(Stored data)
*** Begin section ***
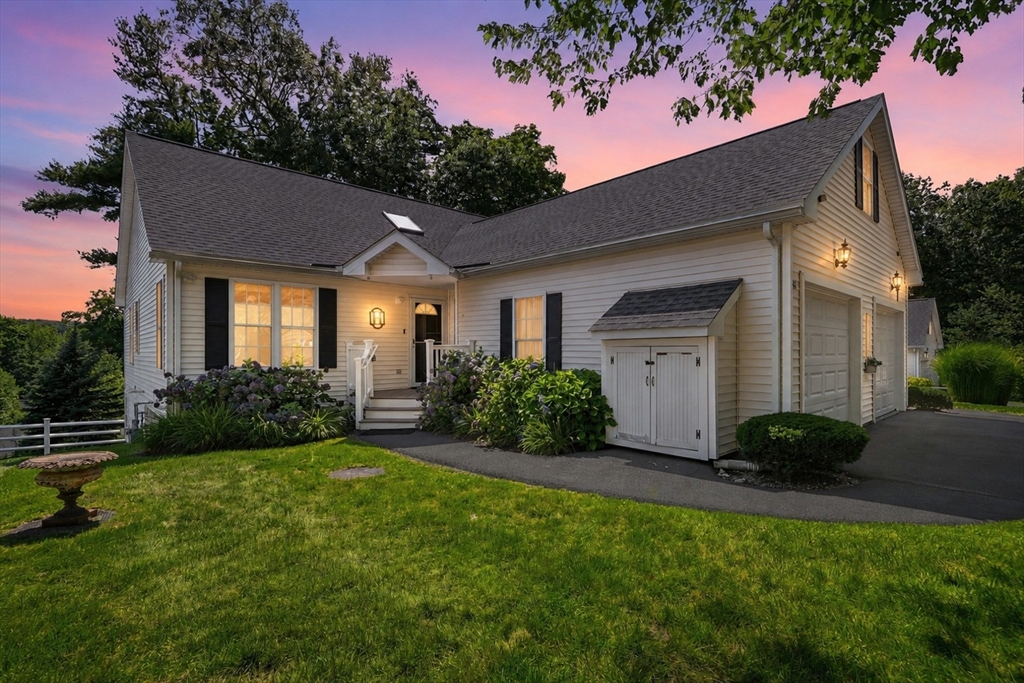 תמונה של הנכס: 48 William Onthank Ln #48, Southborough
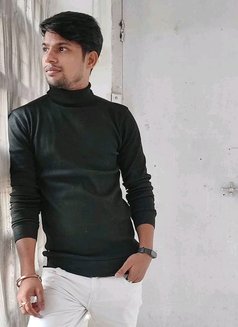 Gourav's Awwdose - Acompañantes masculino in New Delhi Photo 2 of 8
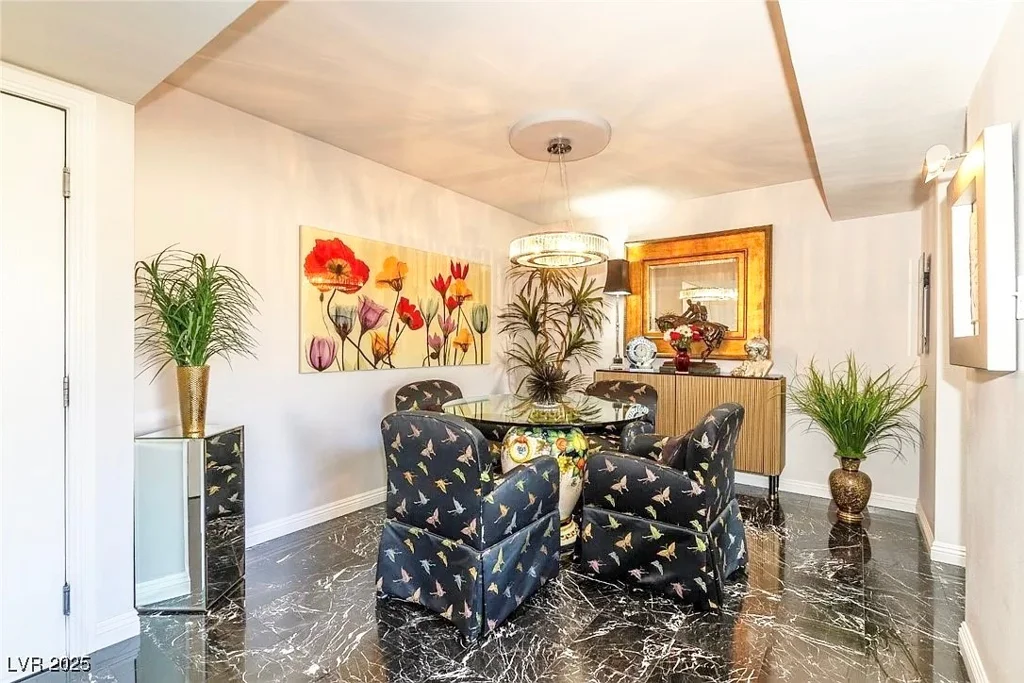 730 Royal Crest, Las Vegas, NV 89169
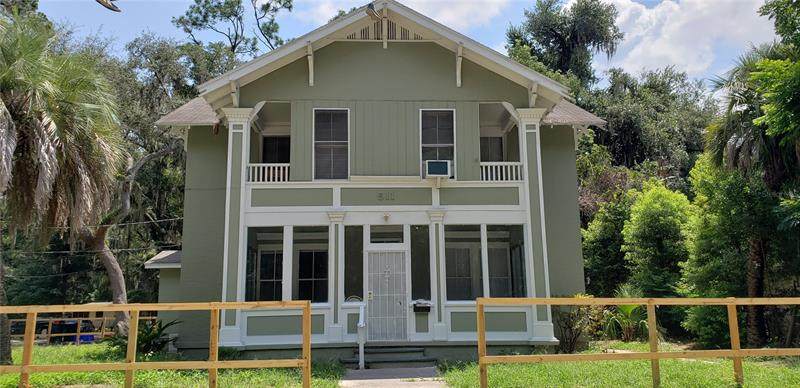 511 15TH Street - Photo 1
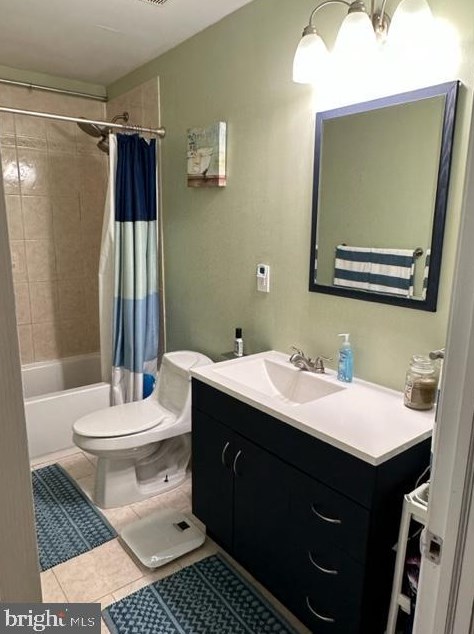 8026 Chelwynde Ave, Philadelphia PA 19153-1108 exterior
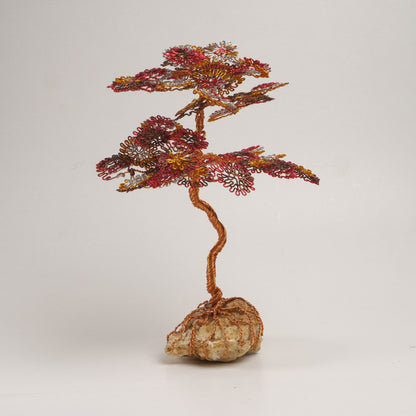 Bonsaï en fil de fer à feuillage cramoisi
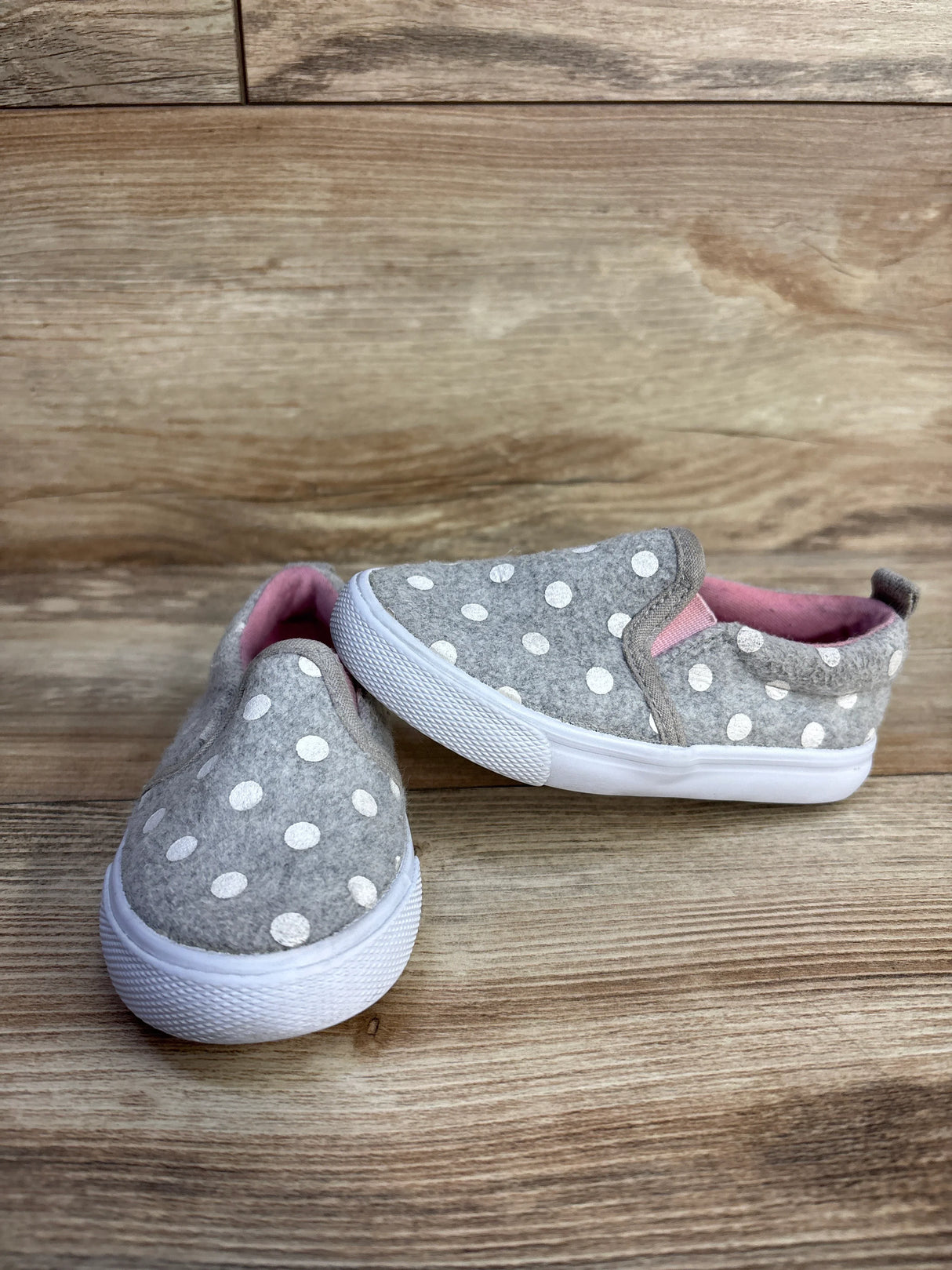 Cat & Jack Alexus Slip-On Sneakers, Grey Polka Dot sz 6c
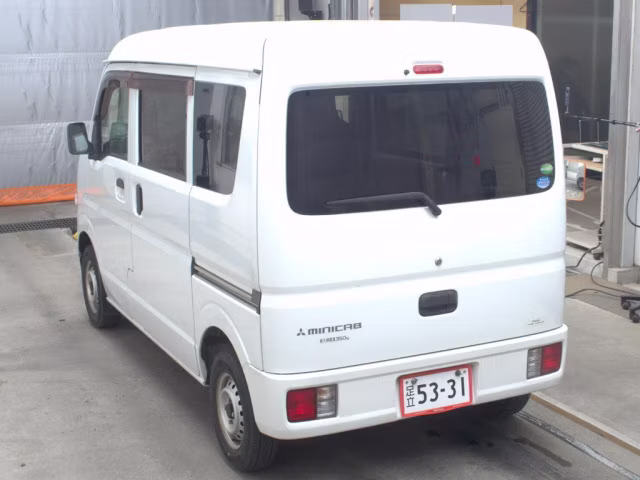 MITSUBISHI MINICAB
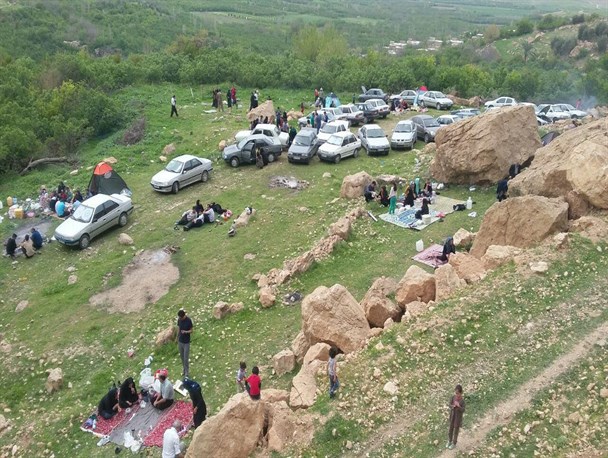 استقبال بی نظیر گردشگران نوروزی از طبیعت زیبای روستای پیران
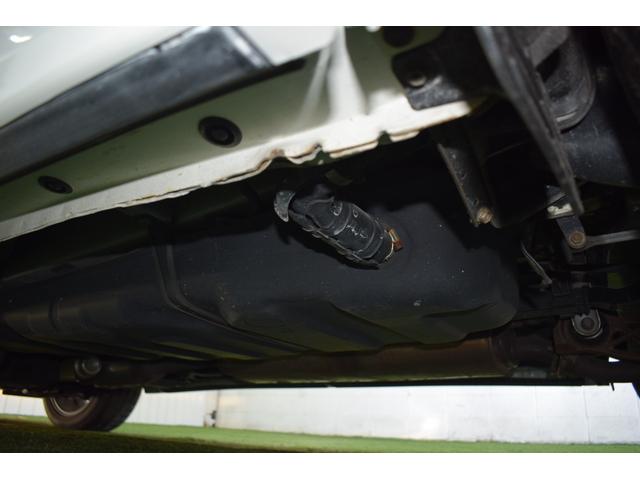ヴェルファイアハイブリッド ＺＲ　４ＷＤ／社外１８インチＡＷ／パワーバックドア／キセノンライト／クルーズコントロール／パワーシート／コーナーセンサー／純正８インチナビ／助手席オットマン／スマートキー／Ｐスタート（58枚目）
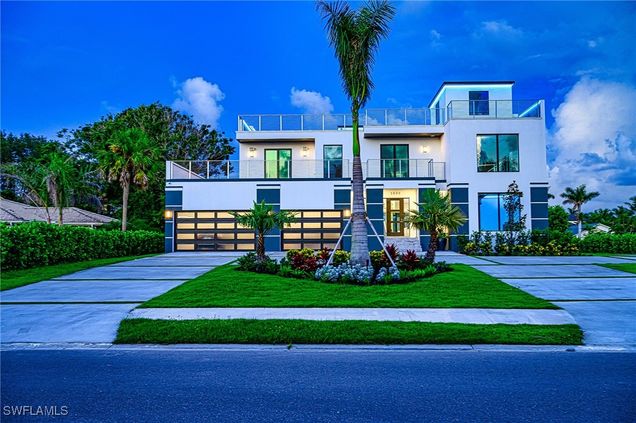 3800 Crayton Road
*** End section ***
What you are asked to do =
The line containing "ヴェルファイアハイブリッド ＺＲ　４ＷＤ" and all lines after it, through the last line of the records, should be returned exactly. Omit the pictures.

Exercise result =
ヴェルファイアハイブリッド ＺＲ　４ＷＤ／社外１８インチＡＷ／パワーバックドア／キセノンライト／クルーズコントロール／パワーシート／コーナーセンサー／純正８インチナビ／助手席オットマン／スマートキー／Ｐスタート（58枚目）
 3800 Crayton Road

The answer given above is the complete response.